## Input data
Start of Block

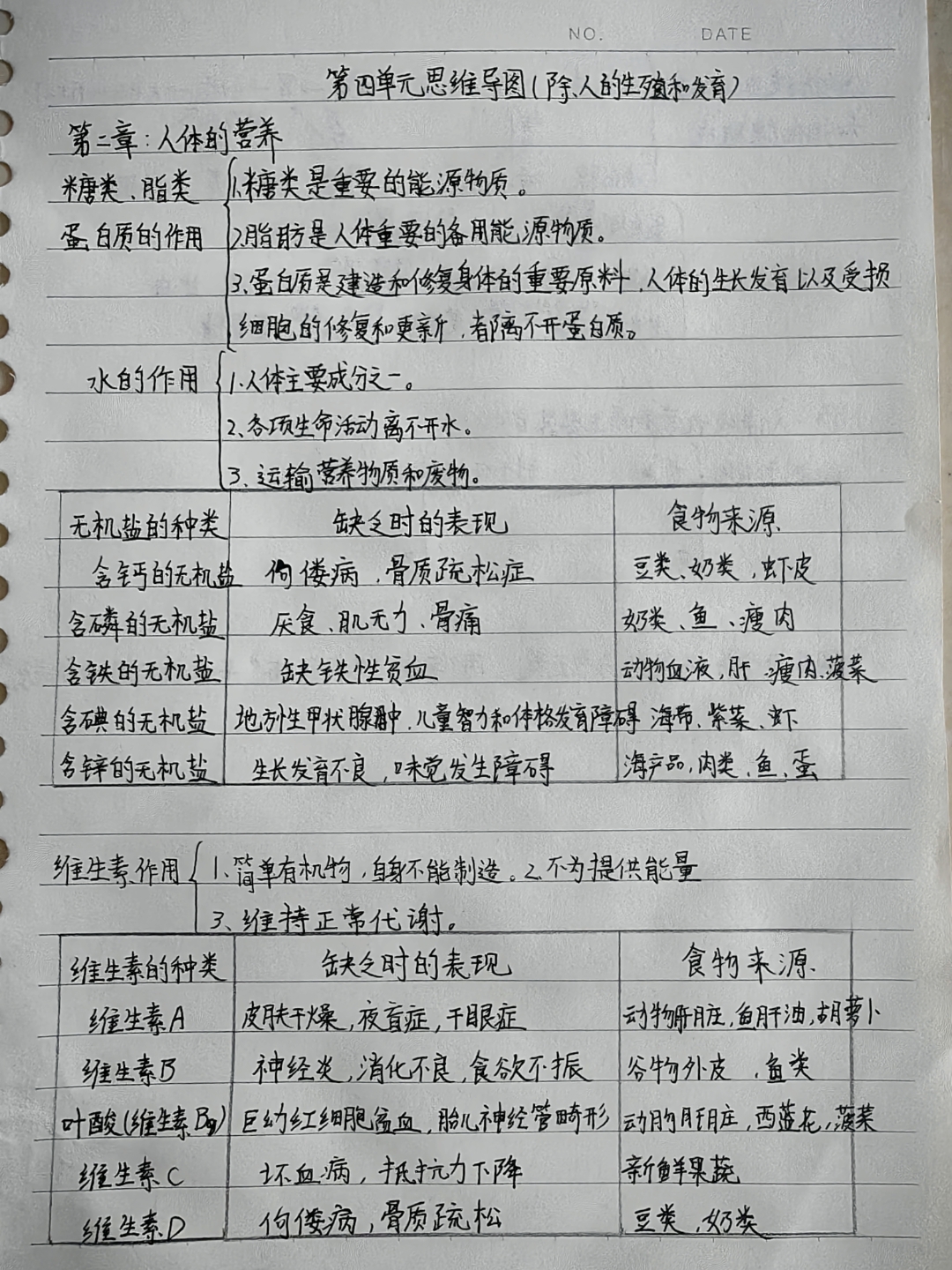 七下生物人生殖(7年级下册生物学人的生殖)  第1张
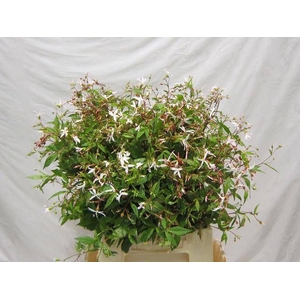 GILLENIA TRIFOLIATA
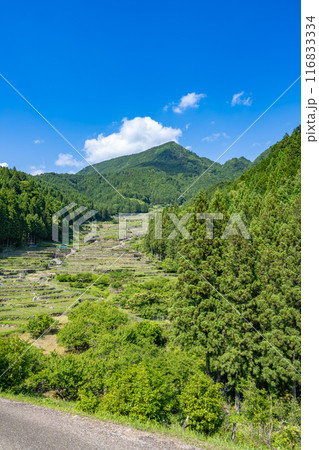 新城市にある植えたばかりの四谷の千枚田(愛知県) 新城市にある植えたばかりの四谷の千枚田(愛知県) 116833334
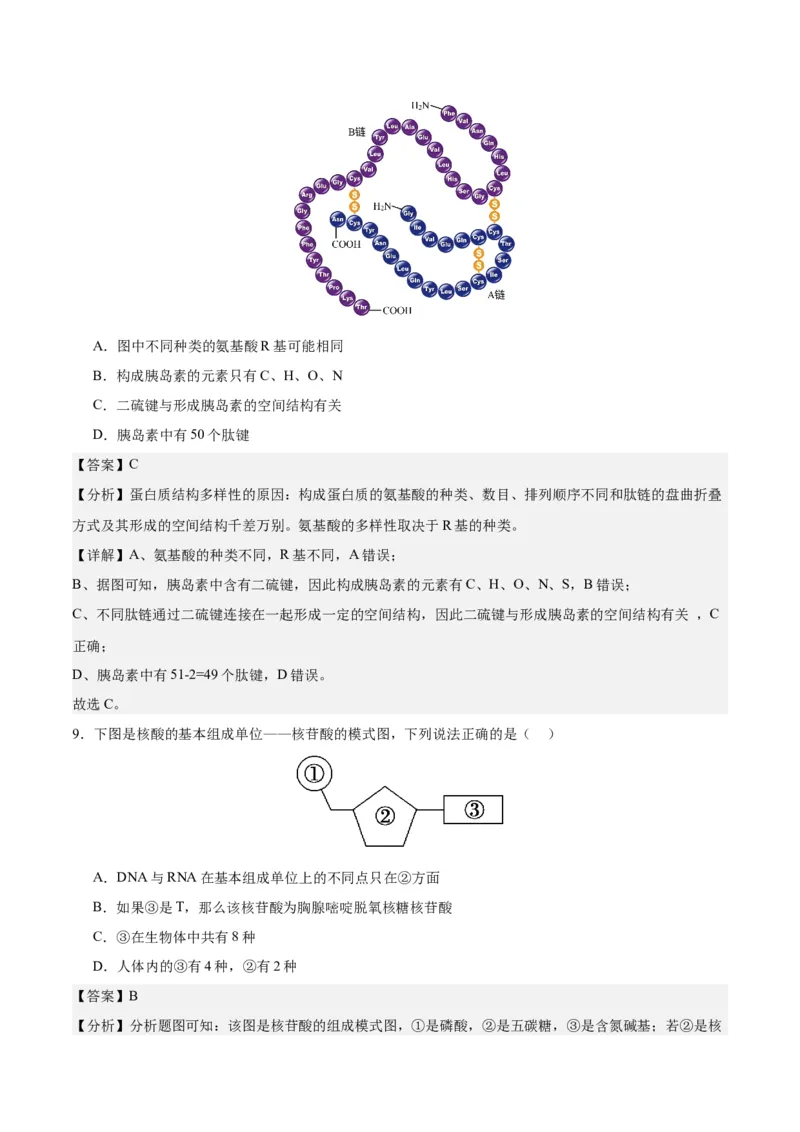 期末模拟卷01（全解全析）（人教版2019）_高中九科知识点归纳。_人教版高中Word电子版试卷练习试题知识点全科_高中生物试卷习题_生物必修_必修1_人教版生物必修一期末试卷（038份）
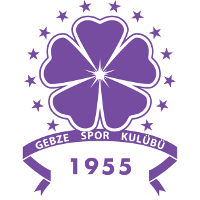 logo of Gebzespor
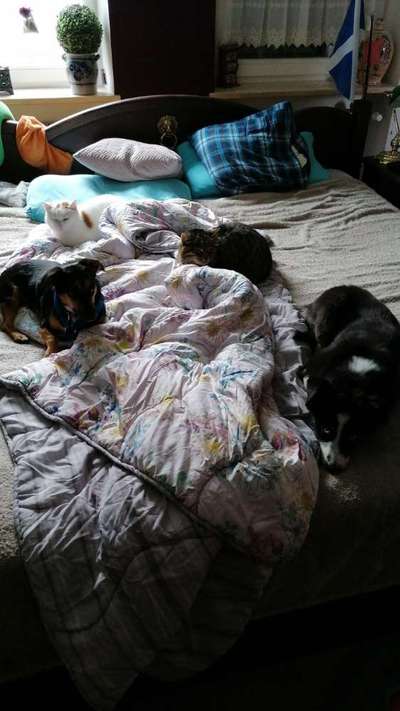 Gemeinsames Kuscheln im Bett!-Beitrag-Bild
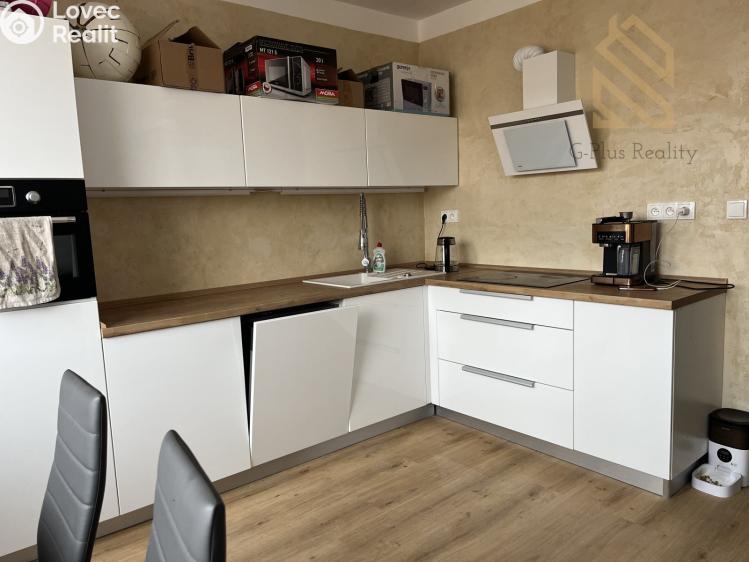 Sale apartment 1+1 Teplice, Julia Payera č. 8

End of Block
Start of Block

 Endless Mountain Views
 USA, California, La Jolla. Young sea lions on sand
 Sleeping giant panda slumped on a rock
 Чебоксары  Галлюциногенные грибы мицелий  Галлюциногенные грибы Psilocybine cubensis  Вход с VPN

End of Block
Start of Block

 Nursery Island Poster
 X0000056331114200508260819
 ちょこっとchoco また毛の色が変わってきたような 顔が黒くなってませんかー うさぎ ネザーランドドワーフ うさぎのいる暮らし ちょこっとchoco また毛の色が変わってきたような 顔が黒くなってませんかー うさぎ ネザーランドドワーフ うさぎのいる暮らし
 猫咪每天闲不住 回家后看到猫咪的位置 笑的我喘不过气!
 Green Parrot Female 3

End of Block

## Aim of the task
What's needed is an exact copy of the lines above from the one with "GILLENIA TRIFOLIATA" through the one with "Sale apartment 1+1", both included; the pictures stay out.

## Exercise result
 GILLENIA TRIFOLIATA
 新城市にある植えたばかりの四谷の千枚田(愛知県) 新城市にある植えたばかりの四谷の千枚田(愛知県) 116833334
 期末模拟卷01（全解全析）（人教版2019）_高中九科知识点归纳。_人教版高中Word电子版试卷练习试题知识点全科_高中生物试卷习题_生物必修_必修1_人教版生物必修一期末试卷（038份）
 logo of Gebzespor
 Gemeinsames Kuscheln im Bett!-Beitrag-Bild
 Sale apartment 1+1 Teplice, Julia Payera č. 8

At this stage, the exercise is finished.